CFPB v. Colony Ridge
What’s at Stake
A coalition, led by the National Fair Housing Alliance (NFHA) and composed of nonprofit organizations focused on fair housing, civil rights, and immigration advocacy, today asked a federal court in Texas to refuse to enter the proposed settlement agreement in Consumer Financial Protection Bureau et al. v. Colony Ridge Development LLC, et al. because it contains terms that are unlawful, unnecessary, and unrelated to the underlying case.
Summary
The friend of the court brief — submitted today by NFHA, League of United Latin American Citizens, Center for Responsible Lending, the National Consumer Law Center, UnidosUS, the Poverty & Race Research Action Council, Public Justice, and Southern Poverty Law Center — challenges a proposed settlement agreement submitted by the U.S. Department of Justice (DOJ) in a case currently being heard in the U.S. District for the Southern District of Texas. The case alleges that Houston land developers and lenders (collectively, Colony Ridge) violated numerous laws, including the Equal Credit Opportunity Act, Fair Housing Act, Interstate Land Sales Full Disclosure Act, and Consumer Financial Protection Act of 2010 when it intentionally targeted Hispanic consumers with false statements and predatory loans that caused many to suffer foreclosure. Instead of providing restitution to the consumers targeted in the scam, however, the proposed settlement unlawfully funnels $20 million toward increased immigration enforcement in the communities where those consumers reside.
“[I]nstead of providing individual relief to the victims of Defendants’ predatory scheme, the settlement agreement appears intended to subject them to heightened surveillance, and, for some, could subject them to potential detention, family separation, or even deportation,” the brief states.
The Consumer Financial Protection Bureau (CFPB) and DOJ sued Colony Ridge in December 2023 for operating an illegal land sales scheme and targeting tens of thousands of Hispanic borrowers with false statements and predatory loans with interest rates of 10.9% to 12.9% — three to five times typical market rates. The lawsuit alleges Colony Ridge sold unsuspecting families flood-prone land without water, sewer, or electrical infrastructure, and that the company set borrowers up to fail with loans they could not afford. According to the lawsuit, roughly 1-in-4 Colony Ridge loans ended in foreclosure, but the company “repurchased” the properties from itself to sell them again to unsuspecting new borrowers.

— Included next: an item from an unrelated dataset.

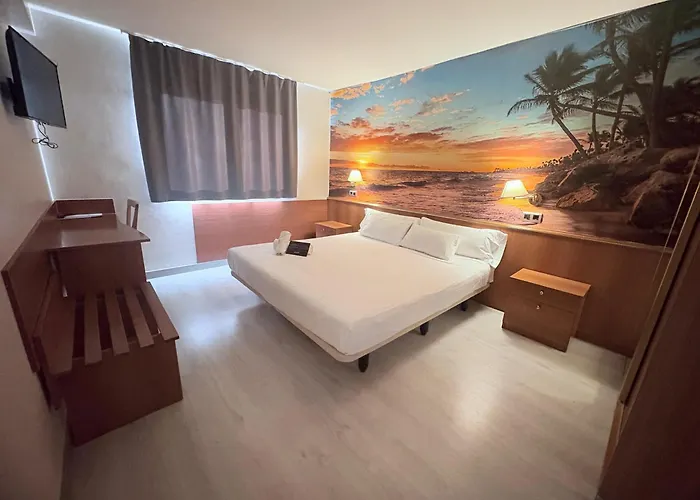 Отель Paradise 3*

The settlement agreement proposed by the Trump-Vance administration asks the court to enter this agreement and retain jurisdiction to enforce it, which the organizations submitting today’s friend of the court brief argue is improper and unlawful given that these immigration and law enforcement provisions are unrelated to the underlying case.
The coalition of organizations is represented by Democracy Forward, Relman Colfax PLLC, and the National Fair Housing Alliance.
Core Legal Problem
“Discrimination is not a paperwork violation — it is a devastating harm that strips families of wealth, stability, and opportunity. When Latino families are targeted for predatory homeownership schemes, are concentrated in poorly resourced neighborhoods, and lose their hard‑earned savings, justice requires more than infrastructure upgrades,” said Lisa Rice, President and CEO, National Fair Housing Alliance. “It requires restitution. It requires accountability. And it requires a clear message that discrimination will not be tolerated. Americans across backgrounds believe housing has become unfair, unaffordable, and increasingly inaccessible, and they expect the government to take meaningful action to prevent and remedy discrimination. By approving a settlement that offers no direct relief to families who were misled and harmed, the CFPB and the DOJ would fall short of the duty Americans believe is essential to restoring fairness and protecting access to the American Dream.”
“This proposed settlement does nothing to end discrimination or provide justice for its victims,” said Leah Nicholls, Director of Public Justice’s Access to Justice Project. “Instead of providing harmed families with real relief, it subjects them to surveillance and additional risk of deportation–harming them twice over and undermining the vision of our equal housing and lending laws.”